Kahneman, a Nobel Prize winner in economic sciences and the author of Thinking, Fast and Slow, noted an instance in which humans use judgment heuristics--shortcuts, essentially--to answer questions they don't know the answer to. In the example, people are given a small amount of information about a student: She's about to graduate, and she was reading fluently when she was 4 years old. From that, they're asked to estimate her grade point average.
Using this information, many people will estimate the student's GPA to be 3.7 or 3.8. To arrive there, Kahneman explained, they assign her a percentile on the intelligence scale--usually very high, given what they know about her reading ability at a young age. Then they assign her a GPA in what they estimate to be the corresponding percentile.
Of course, the person answering the question doesn't consciously realize that they're following this process. "It's automatic," said Kahneman. "It's not deliberate. It's something that happens to you."
And the guess they offer isn't likely to be a particularly good one. "The answer that came to your mind is ridiculous, statistically," said Kahneman. "The information that you've received is very, very uninformative."
A student's reading ability at age 4, in other words, doesn't have a high correlation with their GPA 14 years later. But when we're faced with a question we can't answer, said Kahneman, we tend to answer a simpler one instead.
"We're rarely stumped," he said. "The answer to a related question will come to our mind, and we may not be fully aware of the fact that we're substituting one question for another."
In reality, the best way to estimate the student's GPA would be to start with an average GPA--say, 3.0 or slightly higher--and make a minor upward adjustment based on what we know about the girl. But research shows that most people don't think this way. They tend to lean too heavily on the information they have (in this case, the girl's reading ability at a young age) and not realize how much information they don't have.

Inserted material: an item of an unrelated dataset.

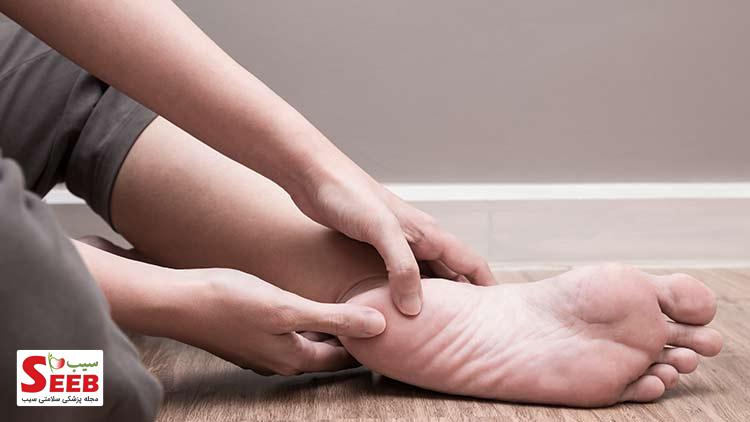 درمان رسوب کلسیم در پاشنه پا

A soundly engineered A.I. system, on the other hand, isn't likely to make the same mistake. Properly build A.I. will use all the data it has and won't overadjust on the basis of one piece of new information.
Engineers should keep this in mind when building A.I., said Tenenbaum. "If there are ways in which human thinking is a model to be followed, we should be following it," he said. "If there are ways in which human thinking is flawed, we should be figuring out how to avoid those in the A.I.s we build."